*Your task*: Skip the pictures. Output only the lines below starting at the line with "4 bedroom end" and ending at the line with "Photo 3 VIN: 5TFRY5F17EX170917", both ends included, exactly as they are.

*Excerpted records*:
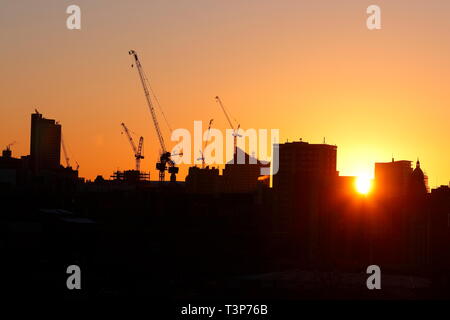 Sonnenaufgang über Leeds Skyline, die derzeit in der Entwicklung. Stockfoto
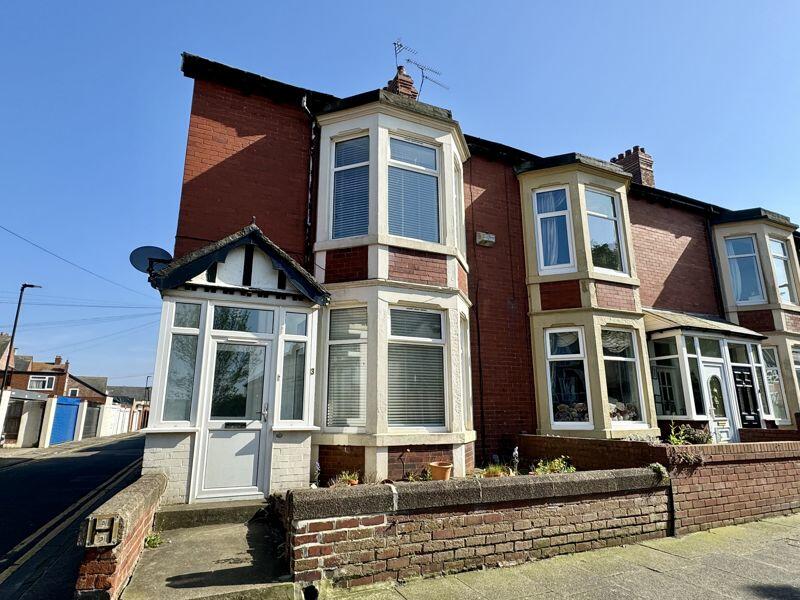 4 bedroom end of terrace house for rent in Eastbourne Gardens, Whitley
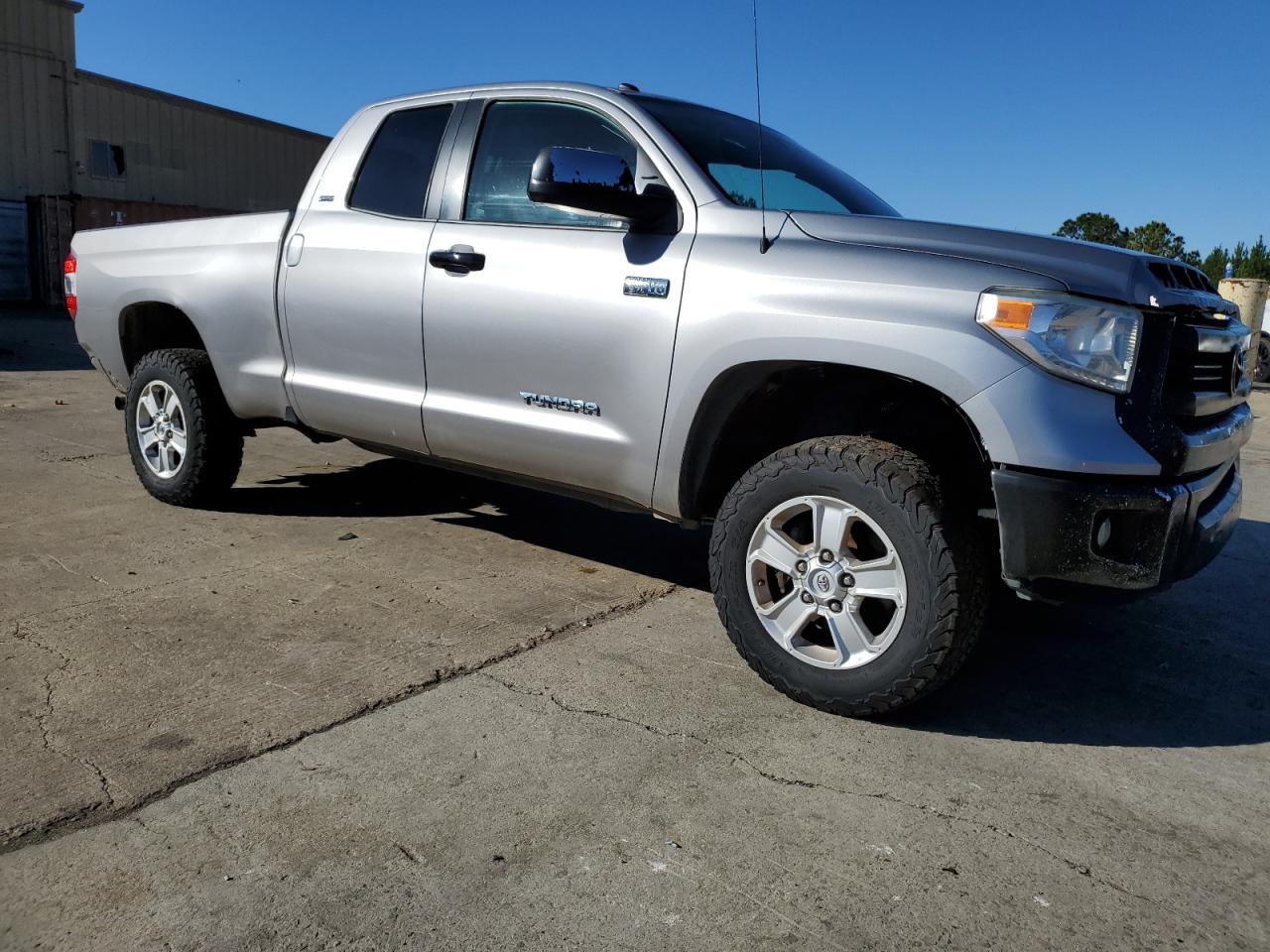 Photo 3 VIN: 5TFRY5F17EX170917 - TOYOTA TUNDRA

...

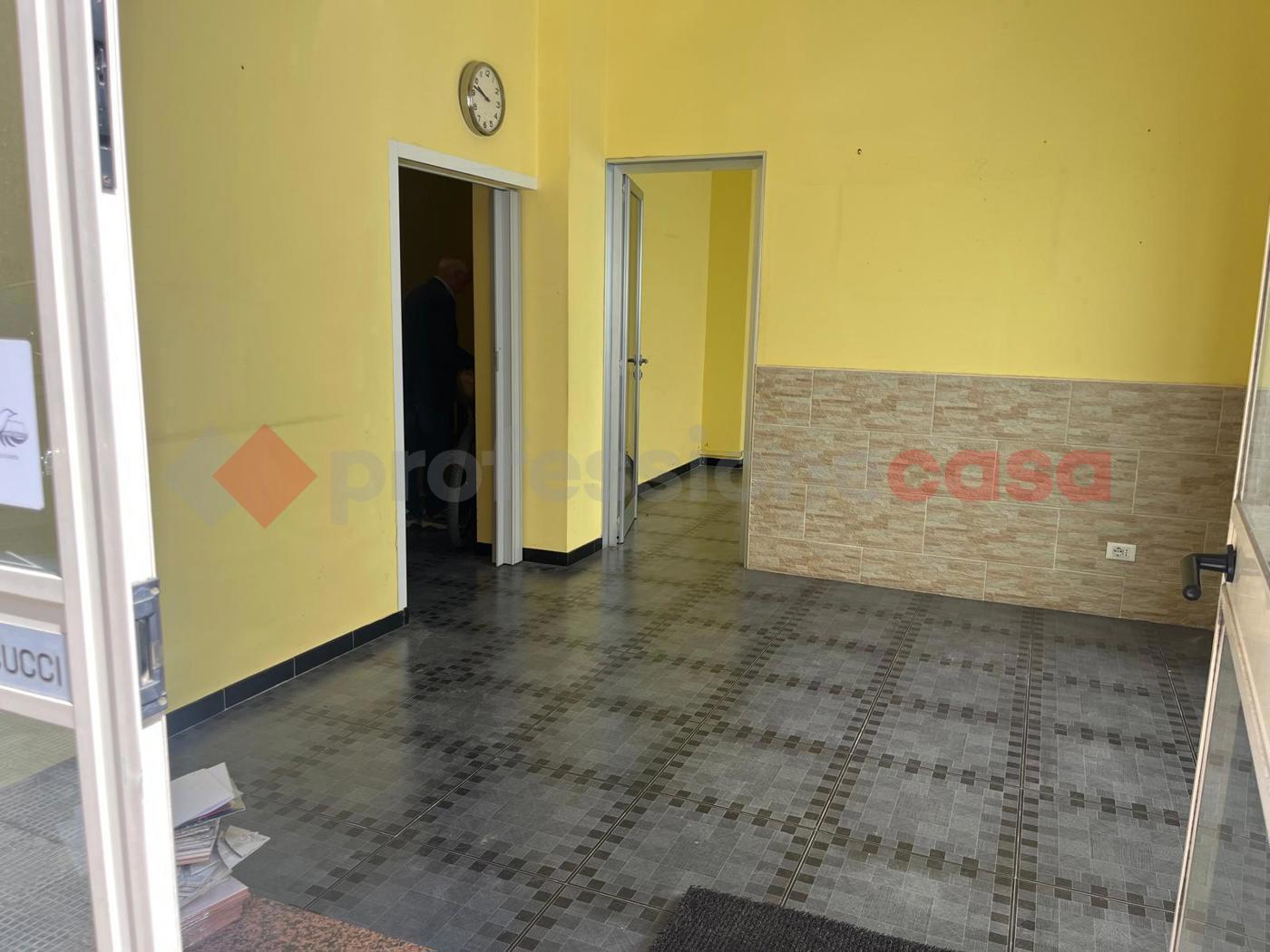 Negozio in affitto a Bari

*Result of the task*:
 4 bedroom end of terrace house for rent in Eastbourne Gardens, Whitley
 Photo 3 VIN: 5TFRY5F17EX170917 - TOYOTA TUNDRA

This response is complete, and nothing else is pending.